James Gunn Dune, The Suicide Squad James Gunn - Cinematographe.it

Il regista James Gunn è tornato sui social media per parlare di altro oltre al cinema

James Gunn è noto per essere un fiero oppositore della politica di Donald Trump. Questa cosa però, lo ricorderete, gli è costata cara e gli ha fatto perdere (salvo poi riconquistarlo), il posto di regista di Guardiani della Galassia Vol.3. La Disney infatti, si dissociò dal regista perché alcuni oppositori del cineasta (facenti parte invece dell’entourage di Trump), trovarono in rete dei tweet vecchi per i quali – peraltro, il regista si era già scusato in passato.

Oltretutto – e grazie al cielo – essendo quei messaggi stata scritti molti anni prima di essere stato assunto alla Casa di Topolino, alla fine gli insider della Disney hanno deciso di reintegrare James Gunn e le cose si sono risolte per il meglio. Oggi il regista è tornato a parlare un po’ di politica con toni sarcastici e la cosa, come sempre, gli è riuscita molto bene. Date un po’ uno sguardo a questo post:

James Gunn ha infatti scritto sui suoi canali social:

Ecco cosa le elezioni hanno fatto ai miei capelli!

Beh, infatti gli sono diventati bianchi! Scherzi a parte, gli donano, non trovate? Il regista tornerà a dirigere il terzo capitolo di Guardiani della Galassia e non molto tempo fa ha spiegato ai suoi follower che ha terminato la scrittura della sceneggiatura del cinecomic.
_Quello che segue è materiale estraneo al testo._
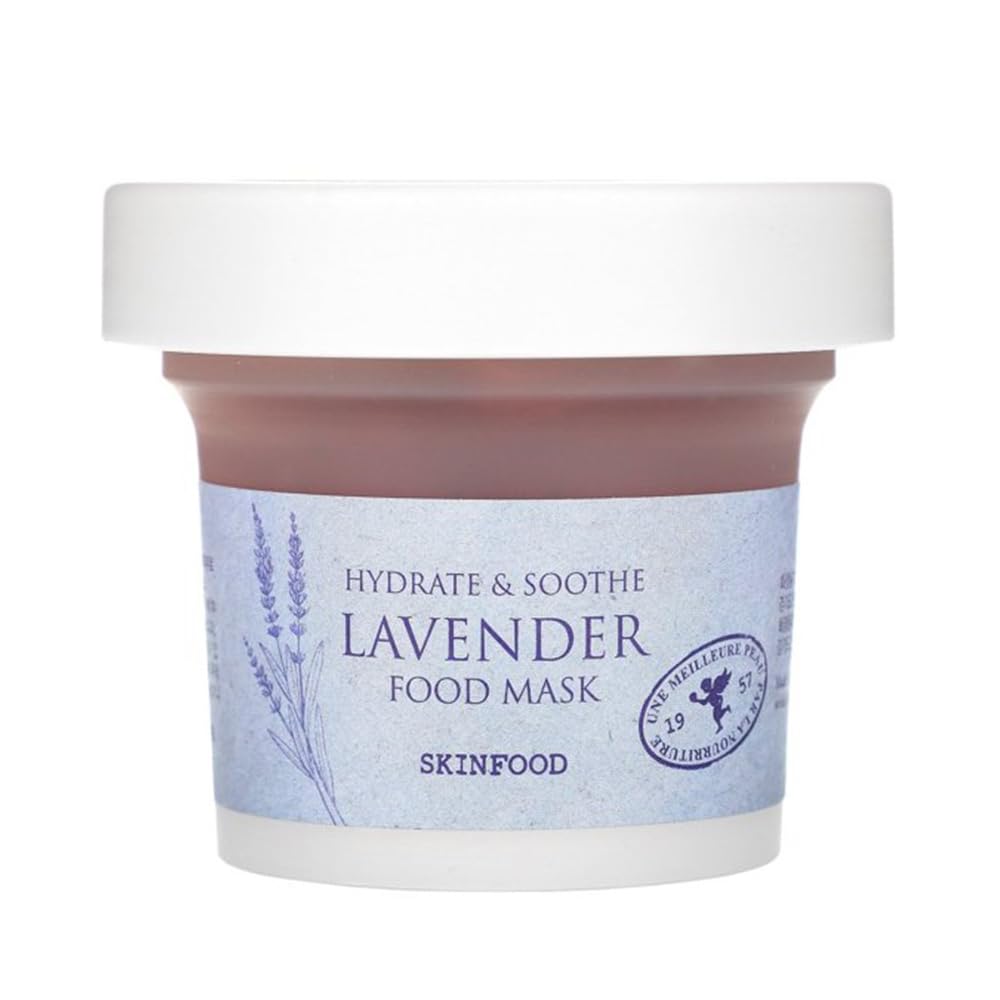 Skinfood Lavender Food Mask 120G – Hydrating Gel Wash-Off Mask For Sensitive Skin, Natural Therapy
Ecco intanto, per rinfrescarci la memoria, la trama del capitolo precedente, Vol.2:

Guardiani della Galassia Vol. 2 della Marvel continua le avventure della squadra e attraversa le zone più esterne del cosmo. I Guardiani devono lottare per mantenere la loro famiglia unita e svelare alcuni misteri come chi è il vero padre di Peter Quill. Vecchi nemici diventano nuovi alleati e alcuni dei personaggi preferiti dai fan verranno in aiuto dei nostri eroi.